The Dexateens: Shelter

I seem to be writing about my song selection process a lot lately, which may mean that I’m trying to fill space because I’m running out of songs that have particular meaning for me. I hope not, because that would be bad for a blogger who mostly responds to theme prompts, but we’ll see—and maybe I need to take another short sabbatical to recharge. I’m spending a good deal of time these days working on projects directly or indirectly related to my 40th college reunion in May, which I’m sure I’ll figure out a way to write about down the road, and that also explains why I’ve been writing once per theme more often than twice these days. Also, there’s work and family. And good TV. 

So, when I heard the theme, my first thought was a King Crimson song, but seriously, who really wants me to write about another King Crimson song, and an instrumental, at that? (The volume of my Crimson-related posts surprises even me, considering that they are not my favorite band. What is my favorite band? I really don’t know.) My second thought was to pick the obvious Rolling Stones song, but I’ve written about that before. There’s also a Dylan classic, but writing about Dylan can be heavy lifting, and I don’t have the patience for that right now. 

Which inevitably led me to an iTunes library search, where I landed upon today’s feature song, “Shelter,” by The Dexateens. Is it a great song? No. Is it a good song by an underappreciated band in the vaguely Americana genre? Yes. Which means that it’s a good one for me to write about. (Although having finished this post, I realize that I mentioned the band a few years ago).
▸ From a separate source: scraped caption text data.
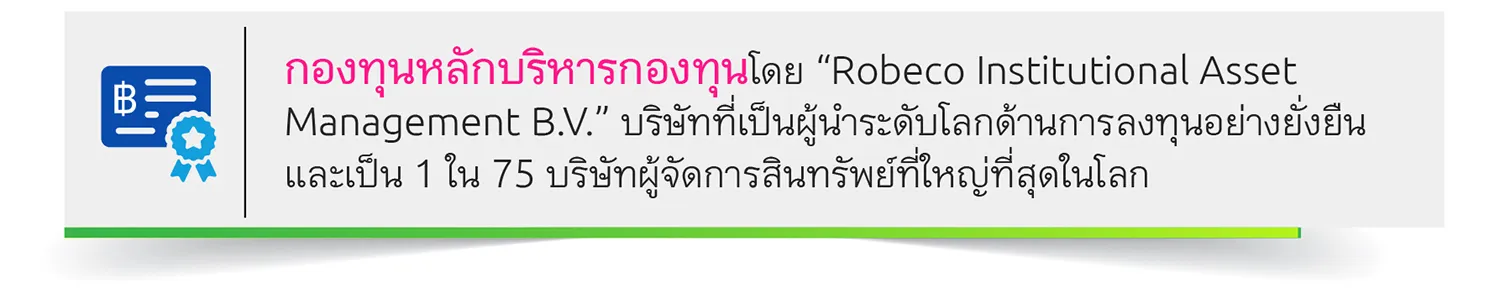 กองทุนหลักบริหารกองทุนโดย “Robeco Institutional Asset Management B.V.” บริษัทที่เป็นผู้นำระดับโลกด้านการลงทุนอย่างยั่งยืน และเป็น 1 ใน 75 บริษัทผู้จัดการสินทรัพย์ที่ใหญ่ที่สุดในโลก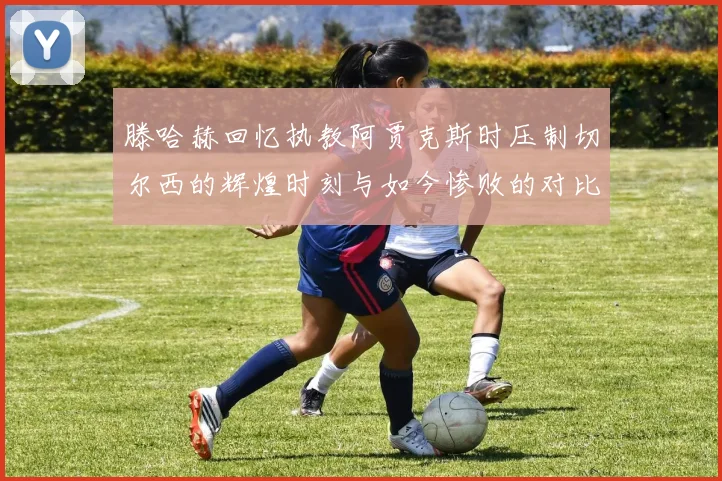 滕哈赫回忆执教阿贾克斯时压制切尔西的辉煌时刻与如今惨败的对比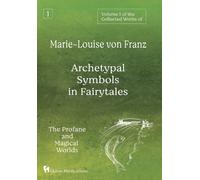 Volume 1 of the Collected Works of Marie-Louise von Franz: Archetypal Symbols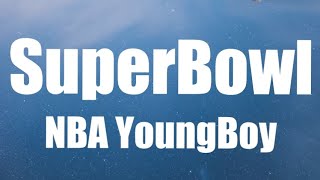 NBA YoungBoy  - SuperBowl (Lyrics)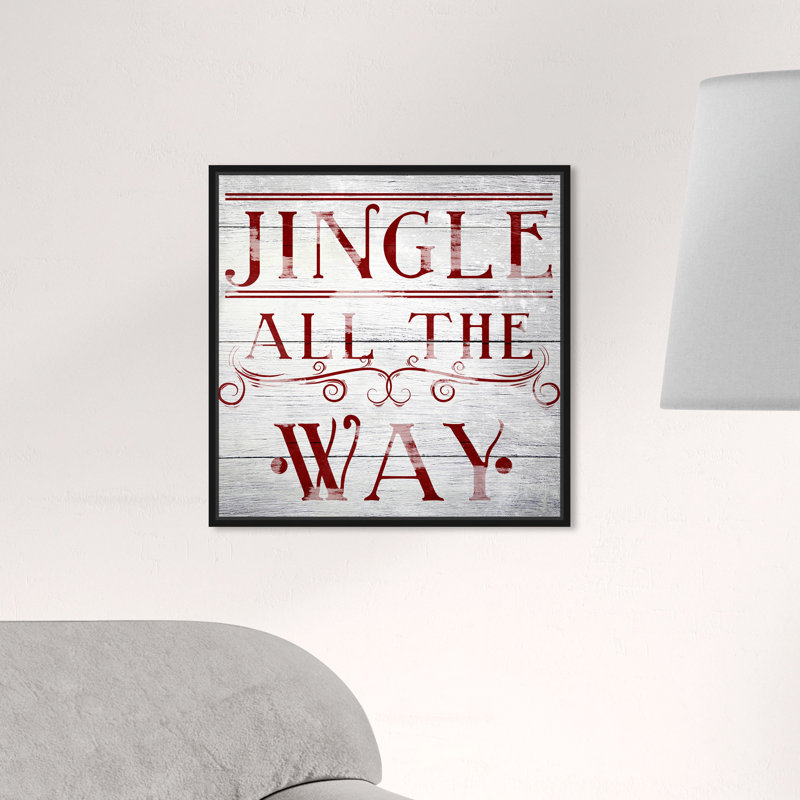 «Jingle All the Way», reproduction d'impression sur toile, Cadre noir, H 30 po x l 30 po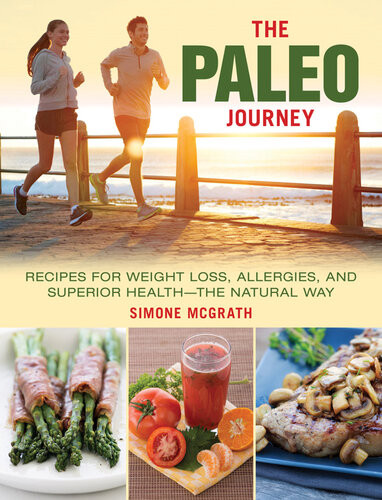 The Paleo Journey Recipes For Weight Loss Allergies And Superior Healththe Natural Way Simone Mcgrath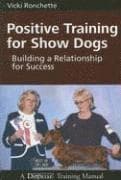 Positive Training for Show Dogs: Building a Relationship for Success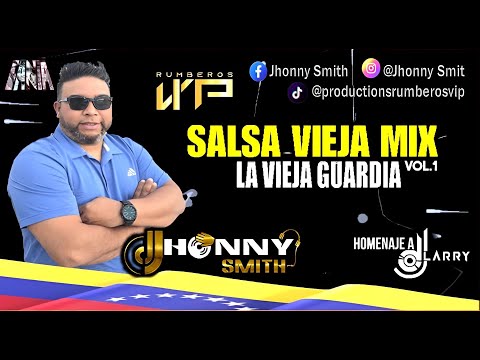 MIX SALSA VIEJA GUARDIA A MI ESTILO VOL 1 HOMENAJE  A DJ LARRY DJ JHONNY SMITH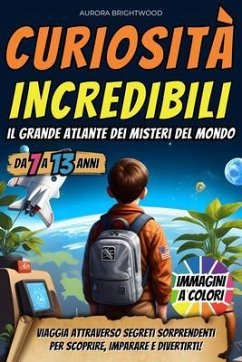 Curiosità Incredibili - Il Grande Atlante dei Misteri del Mondo (eBook, ePUB) Cover Curiosità Incredibili - Il Grande Atlante dei Misteri del Mondo (eBook, ePUB)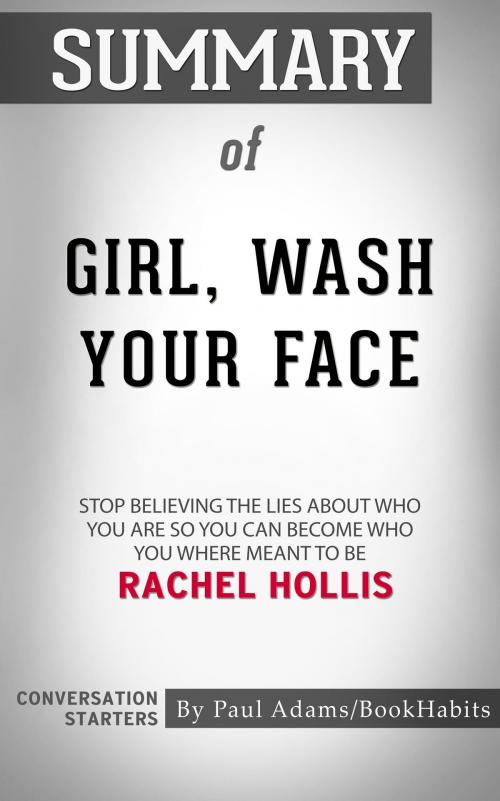 Cover of the book Summary of Girl, Wash Your Face: Stop Believing the Lies About Who You Are so You Can Become Who You Were Meant to Be by Rachel Hollis | Conversation Starters by Paul Adams, Cb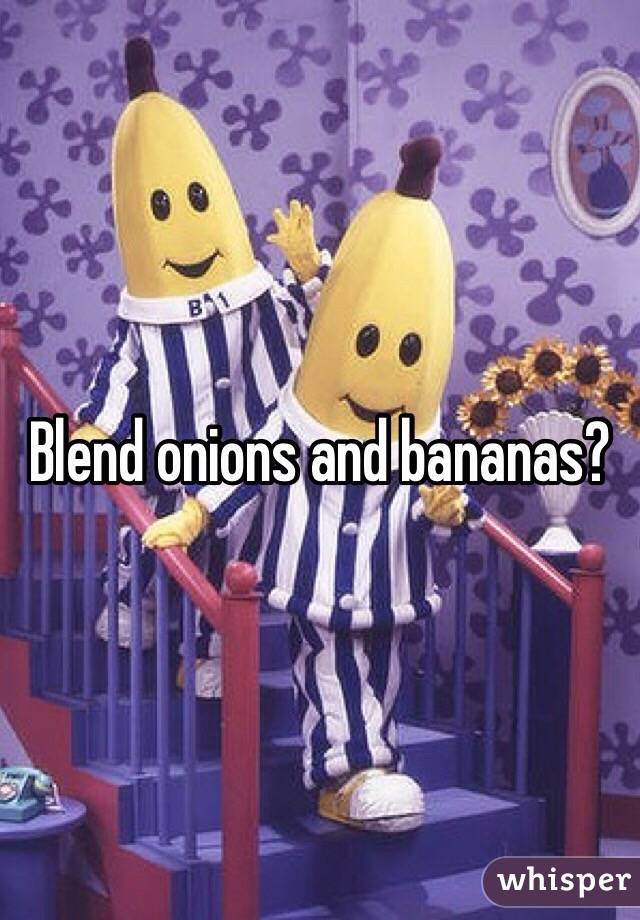 Blend onions and bananas? 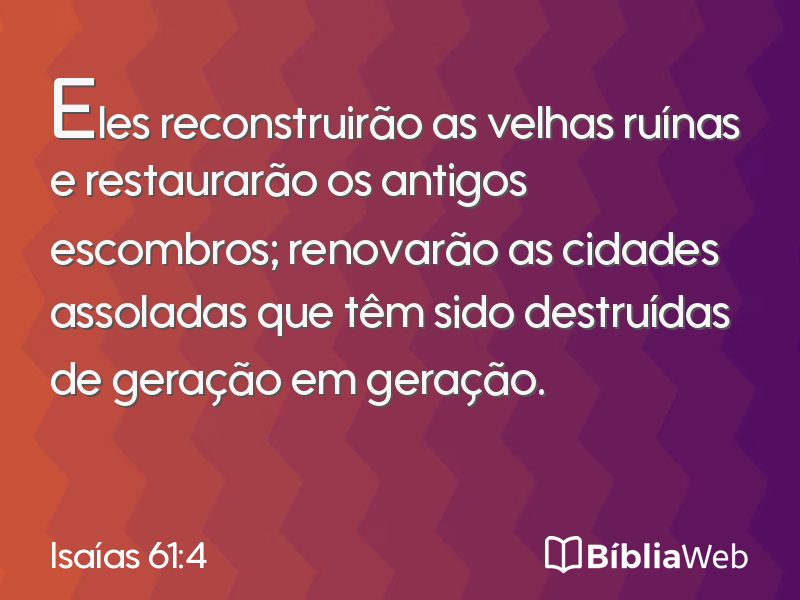Isaías 61:4 em imagem para compartilhar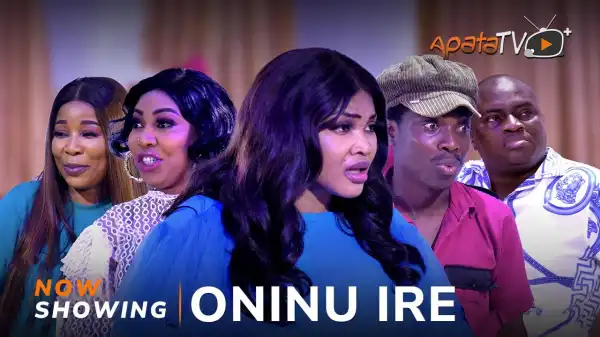 Oninu Ire (2024 Yoruba Movie)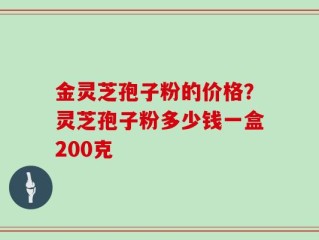 金灵芝孢子粉的价格？灵芝孢子粉多少钱一盒200克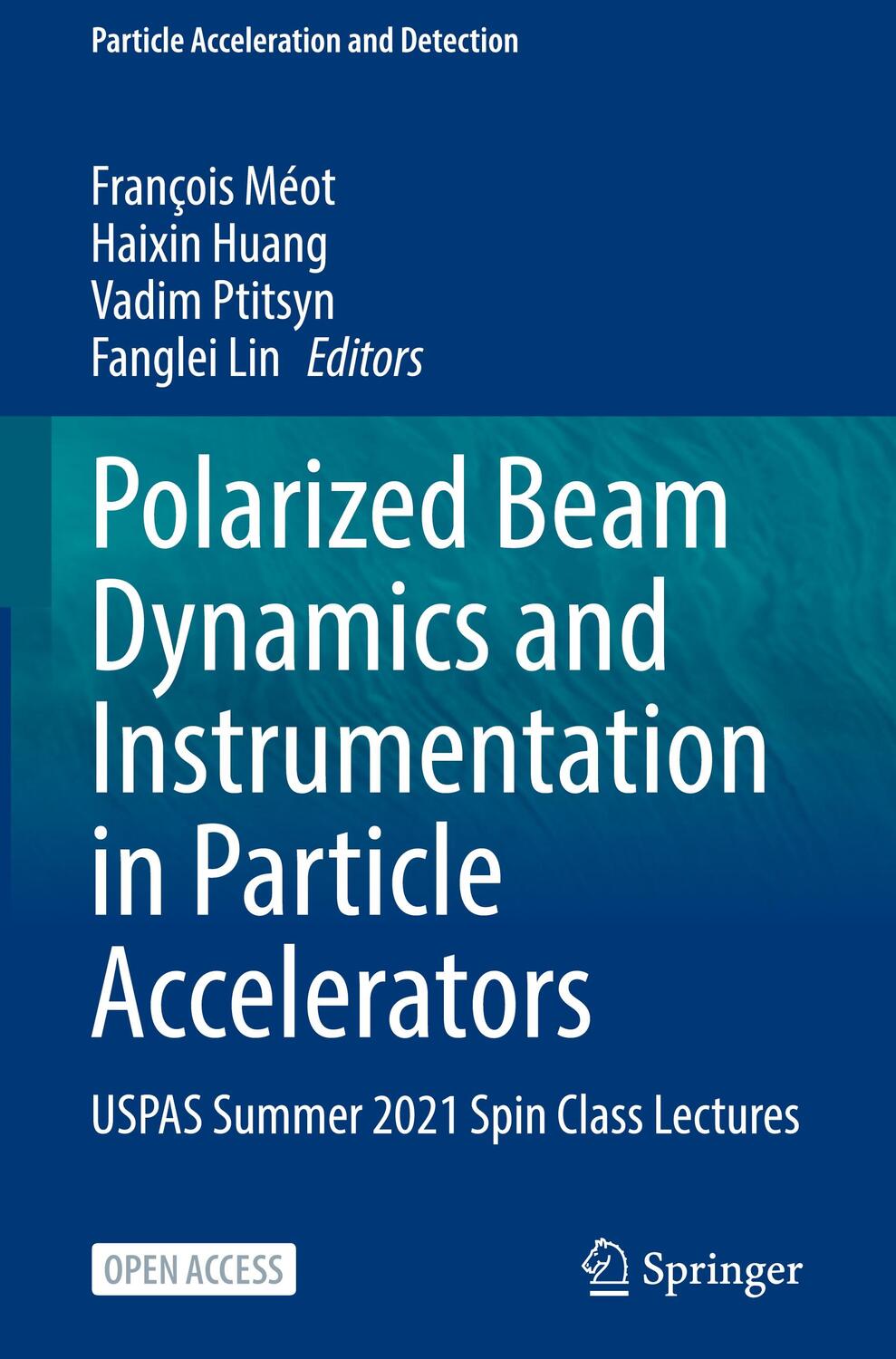 Cover: 9783031167140 | Polarized Beam Dynamics and Instrumentation in Particle Accelerators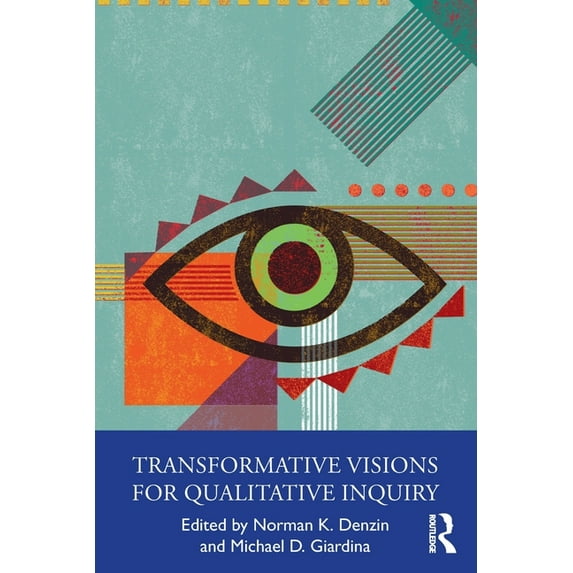 International Congress of Qualitative In Transformative Visions for Qualitative Inquiry, (Paperback)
The Dexateens were formed in the late 1990s in Tuscaloosa, Alabama, featuring singer-songwriters and guitarists Elliott McPherson and John Smith, with drummer Craig "Sweet Dog" Pickering and bassist Matt Patton. If that last name seems familiar, we’ll get there. Their name came not from the same source as Dexys Midnight Runners, but instead from a guitar pick that Smith’s brother had gotten signed by Dex Romweber, a musician that you might have heard of. Or not. Although he’s pretty good and it is a memorable name. Mixing punk with southern rock, The Dexateens’ self-titled debut album from 2004 is excellent—raw and rocking, and “Shelter” is a Stonesy-stomp. 

I’m not sure when I first heard about The Dexateens, but it wouldn’t surprise me if it was in 2007, when their fine album Hardwire Healing was released, and it was co-produced by Patterson Hood of the Drive-By Truckers and David Barbe, who has worked with the Truckers (as well as playing bass in Sugar). I suspect that this was the hook that got me to check out the band, which has de-emphasized punk over the years. After some personnel changes, the band broke up in 2010. Patton joined the Truckers on bass (and as the occasional Ramones cover singer), and also plays with The Dexateens, which re-formed in 2013. And, he co-owns a recording studio in Mississippi (where part of the Ramones cover video in the link was shot). Busy man. 

 So, check out The Dexateens if you aren’t familiar with them.